The vessel Marlu is pictured above on the cover of a 2001 Coast Guard safety bulletin. ( Note: It is never good to end up on the cover of a Coast Guard safety bulletin. ) After that, I was able to find a note on a builder's site that their vessel Master Jim, later renamed Marlu, was scuttled in 1990. The vessel number in this listing is at odds with several others, and the record is incomplete.

These are the only mentions of a fishing vessel Marlu that I can find. Putting it all together, I believe the scuttling date is wrong. It is common to confuse a 9 with a 0, especially with electronically scanned records. There is a partial data match across all available records, but nothing perfect.

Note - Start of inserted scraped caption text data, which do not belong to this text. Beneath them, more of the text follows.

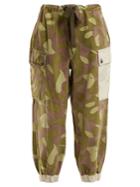 Myar 1990s Fip91 Finnish Camouflage Cotton Trousers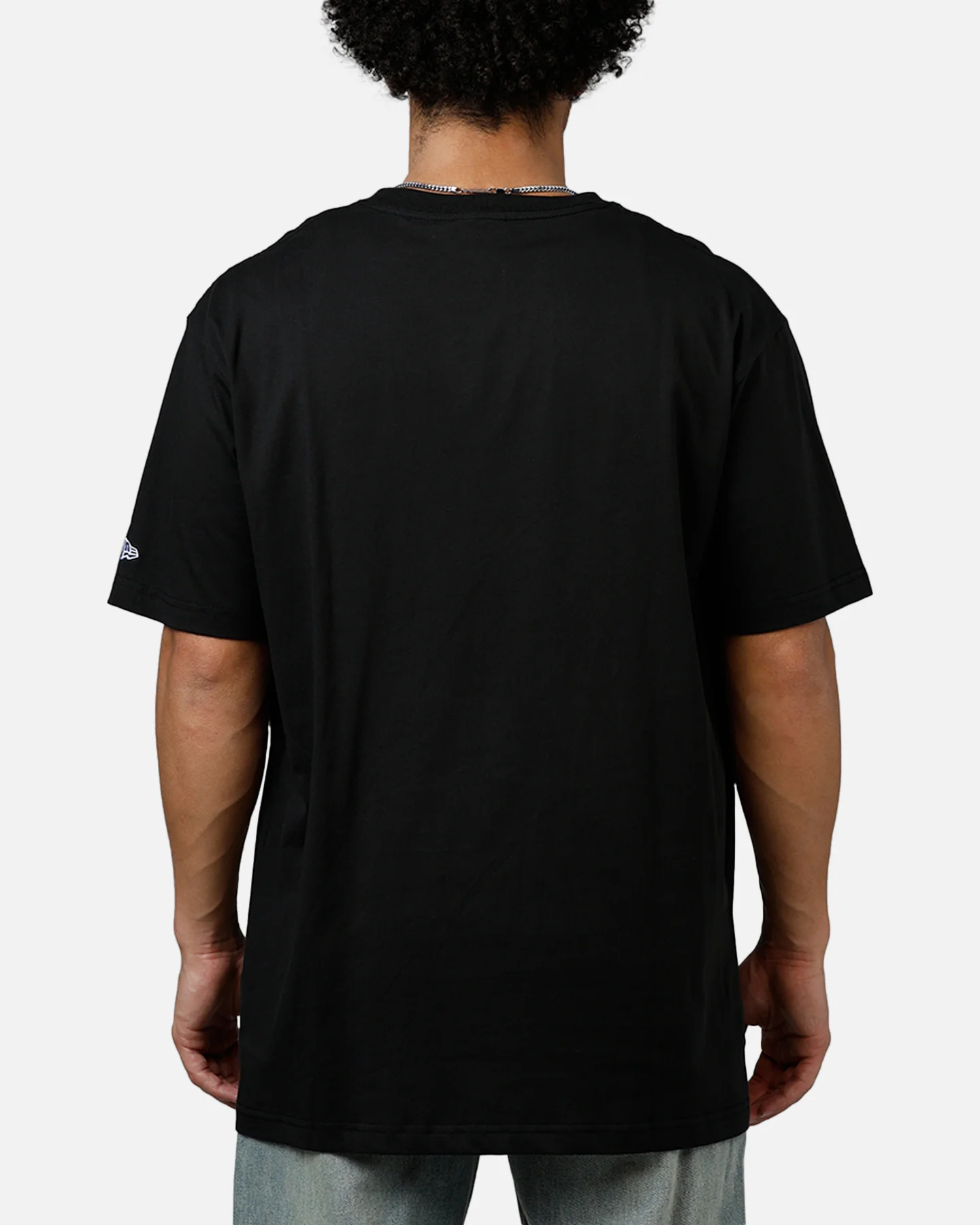 New Era Las Vegas Raiders Essentials Boxy T-Shirt Black - Image 2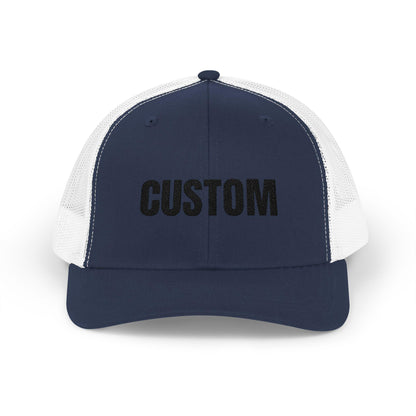 Custom Snapback Trucker Cap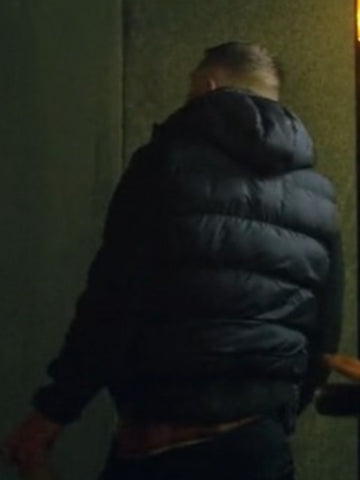 Tom Hardy Havoc 2025 Black Puffer Vest - jnjjackets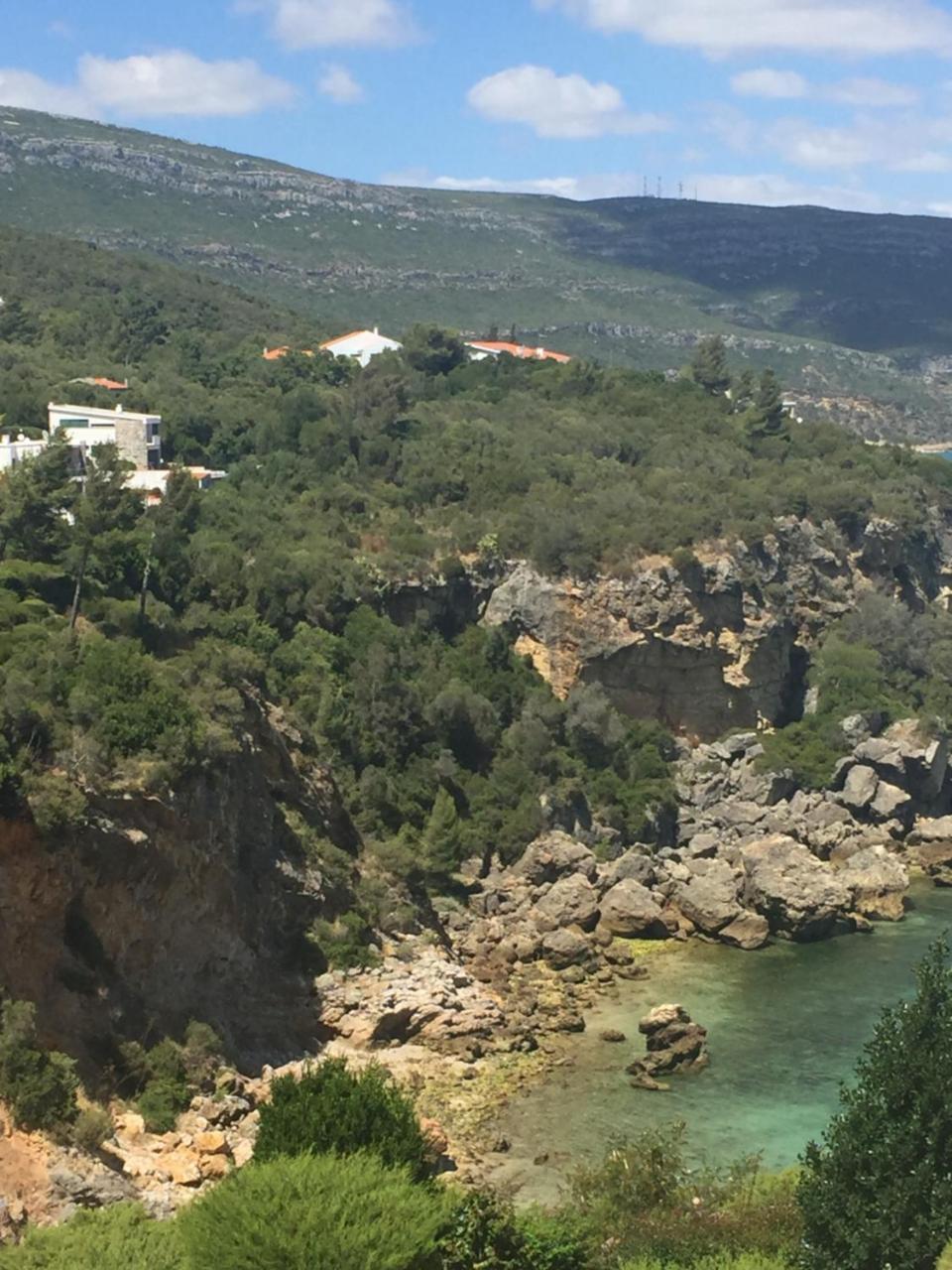 Villa Casa Do Farol Da Arrabida Portinho da Arrábida Exterior foto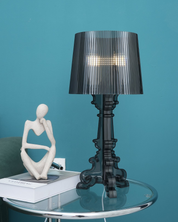 Lampka na Biurko w stylu Barokowym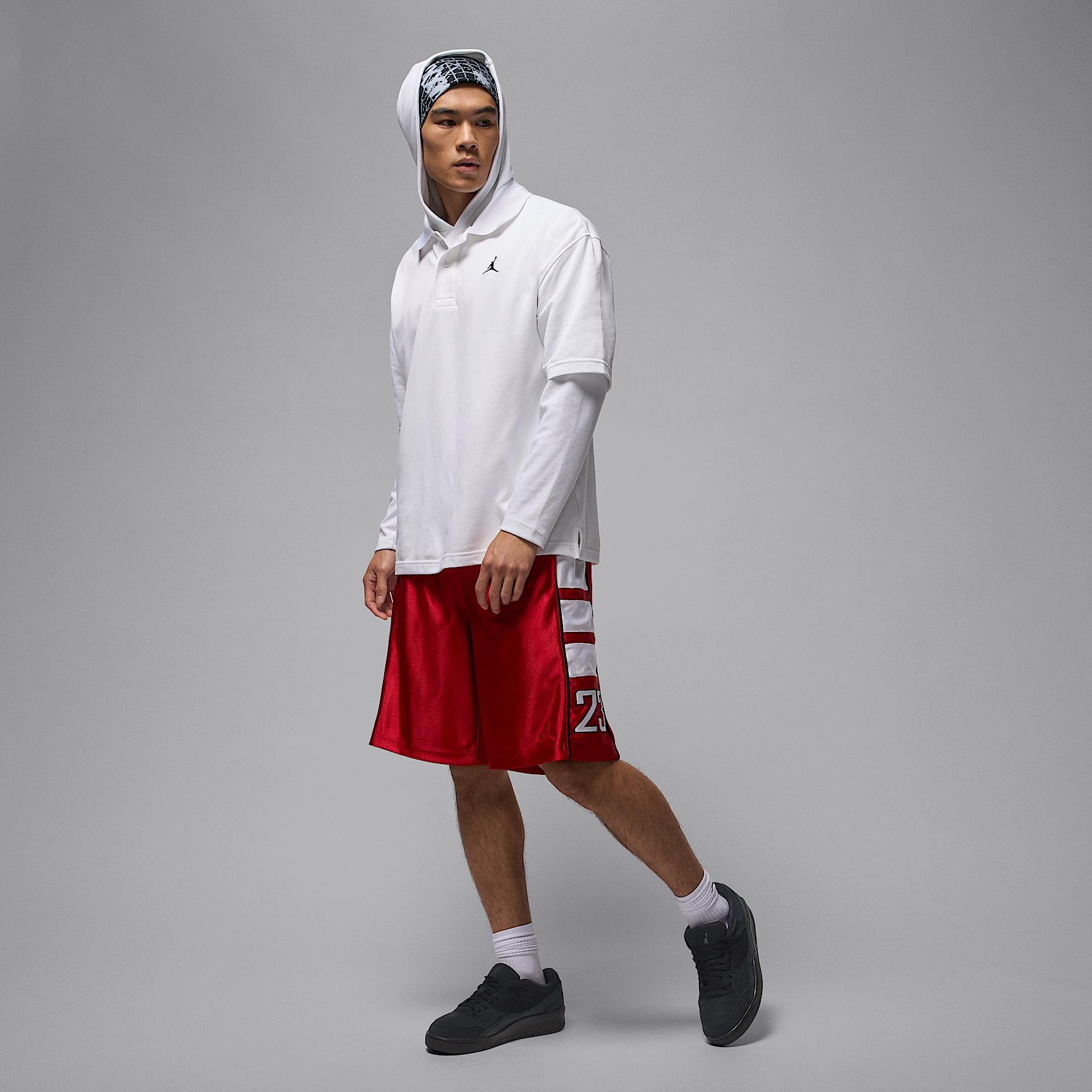 Mens Jordan Flight Court Shoes | HF3255-010 Product Image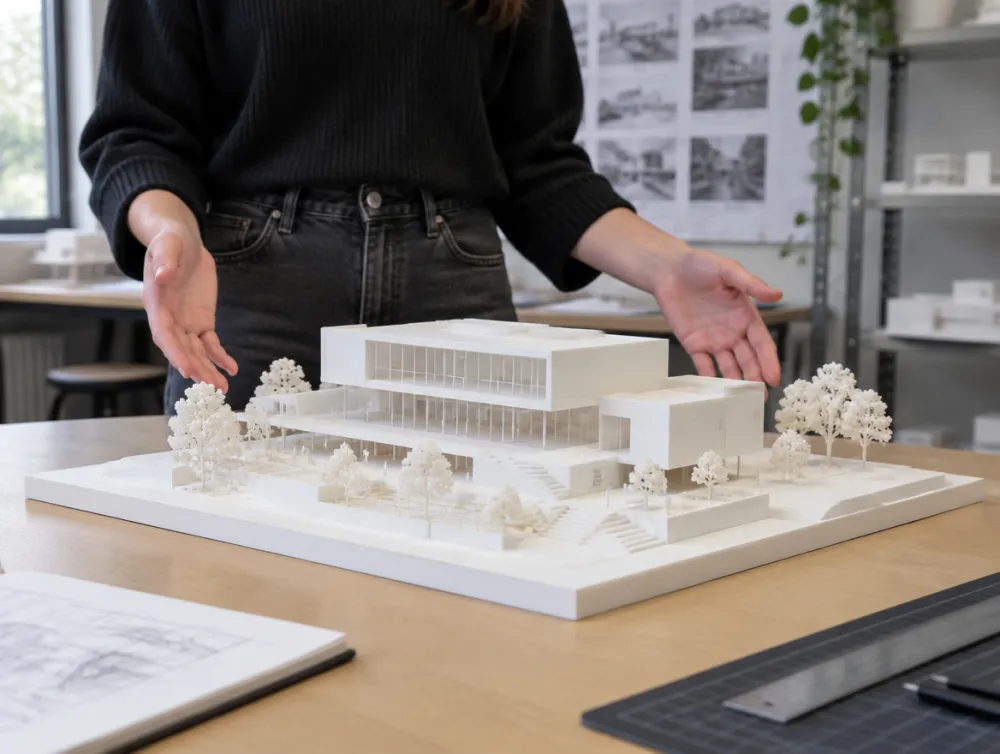 Maquetas arquitectónicas impresas en 3D, foto 3 de 4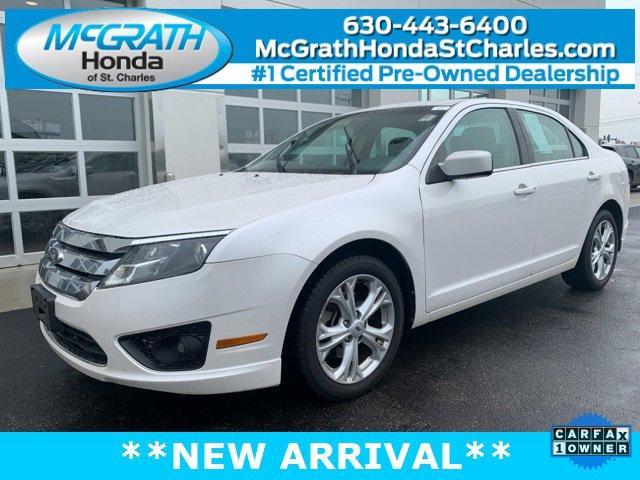 used 2012 Ford Fusion car, priced at $7,686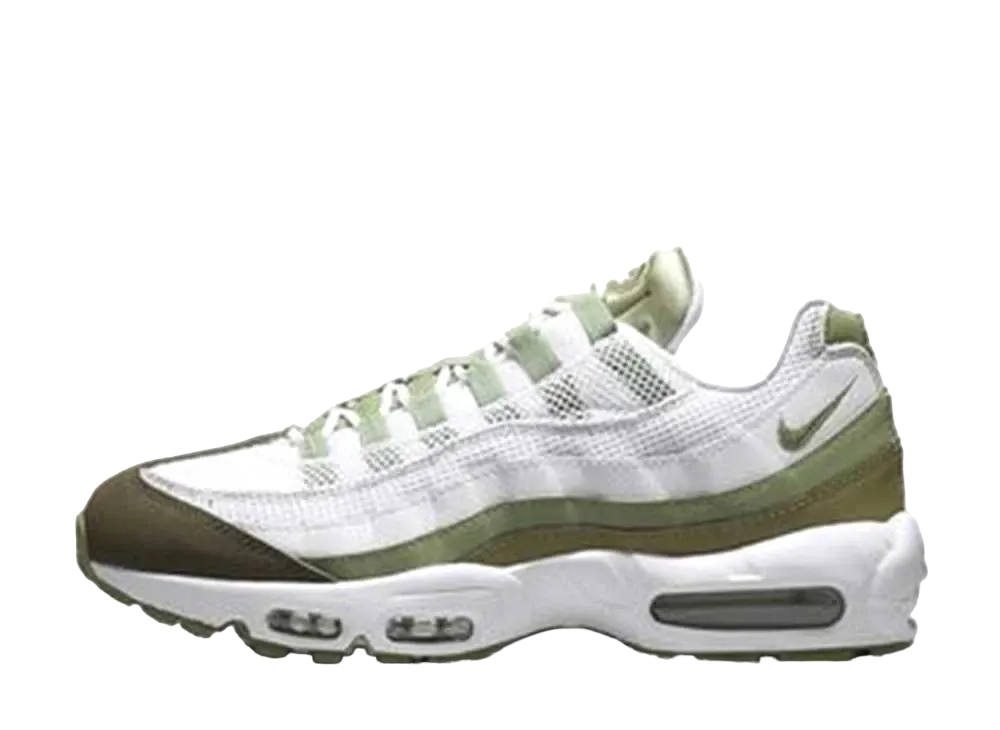 Nike Air Max 95 "White/Olive"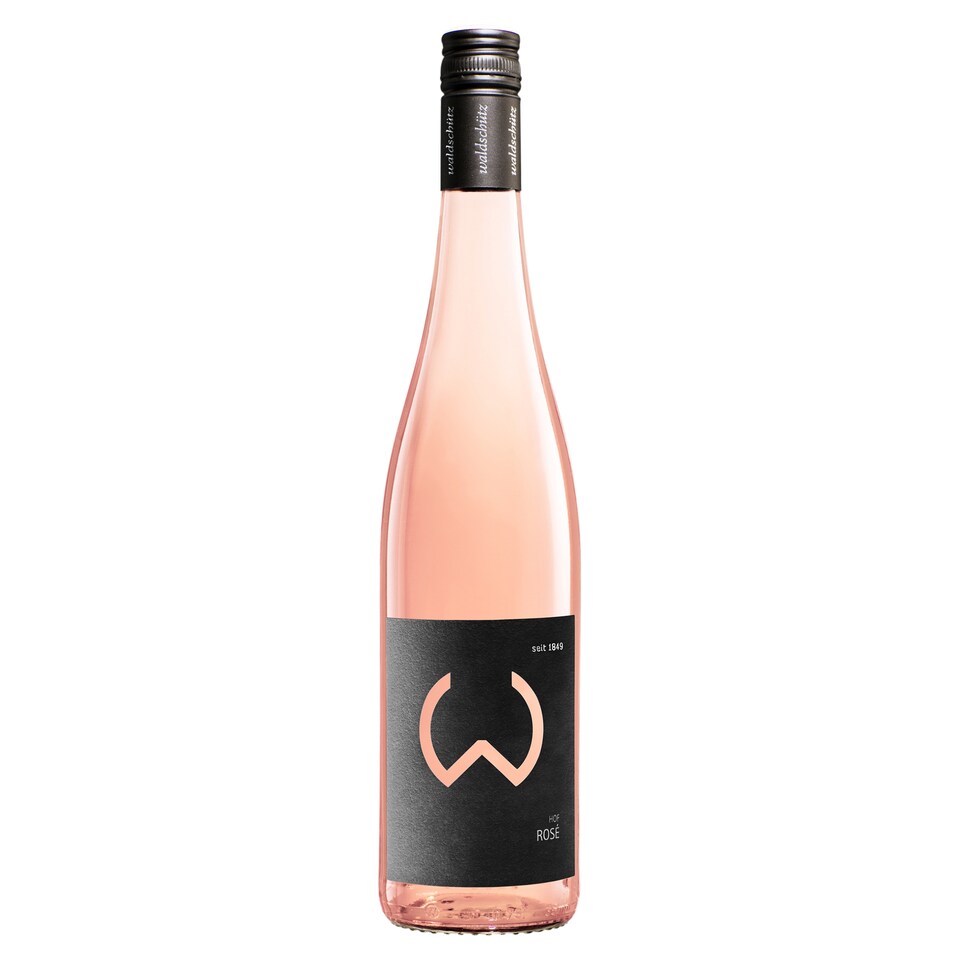 Waldschütz Blauer Zweigelt Rosé ružové víno polosuché 750 ml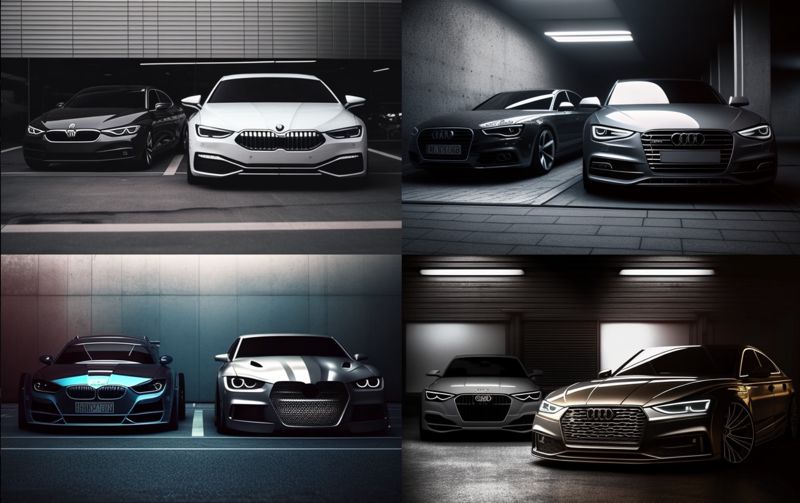 BMW vs Audi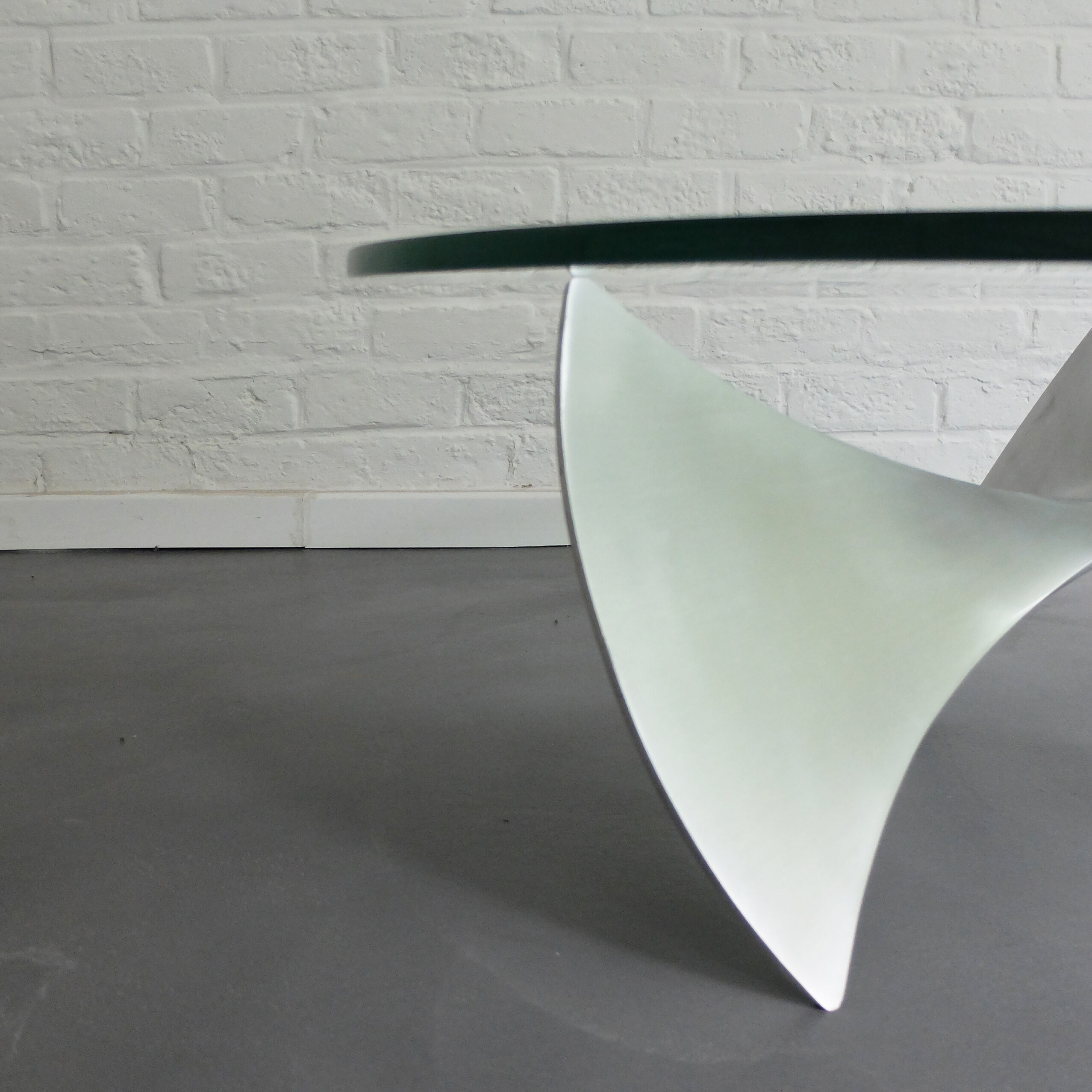 Coffee table propeller/propeller, Knut Hesterberg Ronald Schmitt, 1960s
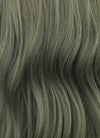 Green Wavy Synthetic Hair Wig TH030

In 1999, the vessel would have been 31 years old. If it sustained significant damage in the grounding, any subsequent weather, and the eventual salvage, it would likely not have been worth repairing. It would have been stripped of anything of value, given a cursory cleaning, and disposed of at the nearest available site, which is where it is today.

A high-quality side-scan or dive report could confirm this conclusively. The vessel pictured above is a typical Gulf coast shrimper design, flush-decked with a low pointy bow, low pilothouse, and little freeboard. It is modified with bulwarks added behind the pilothouse for service in the rougher North Atlantic. I would expect at least some of this structure to still be intact.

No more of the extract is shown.